71 MILLION pounds?! Does anybody know what those beams are, or if that load is a major typo?
I did a quick calc because I'm bored at lunch: Assuming from those photos that the beams are 3ft x 6ft SOLID 50ksi steel, not dealing with self weight at all, and assuming the load is uniformly distributed, I get a max cantilever of about 10ft.
According to one website, a 747-200F has a max takeoff weight of 833000#. Of course I don't see where they are going to park 71 747's on that bridge and still have room for one fat tourist!
If you click on the video on the website listed at the top, you get a little bit of a feel of what the structure is like. The beams are 32" x 72" twin steel box beams in a horseshoe shape. The glass floor is 5 "plies" thick - 3 19 mm plies, an 8 mm ply, and a 6 mm ply.
They did actual wind speed collection at the top of the cliff and recorded speeds of 80 and 90 mph.

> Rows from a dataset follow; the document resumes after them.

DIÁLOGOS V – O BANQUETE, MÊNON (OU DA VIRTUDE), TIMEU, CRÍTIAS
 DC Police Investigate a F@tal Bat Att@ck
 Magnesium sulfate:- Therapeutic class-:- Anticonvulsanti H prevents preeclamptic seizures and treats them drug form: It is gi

The video also talks about 71,000,000 pounds. I'm still not quite sure where they get that number, because according to that video the glass floor is good for a little more 100 psf. That would mean a walkway area of 710,000 square feet to get to 71,000,000 pounds. There is no way the structure itself could hold up that much weight.
Maybe the 71,000,000 is the theoretical load the foundation could withstand. The structure would fail long before you ever got to that load.
One of the earlier threads seem to indicate that the skywalk was built on land controlled by a Sovereign Nation. That would raise the question of what code was it required to meet and under what code was it actually designed.
If I went it would be before it had a chance to fatigue.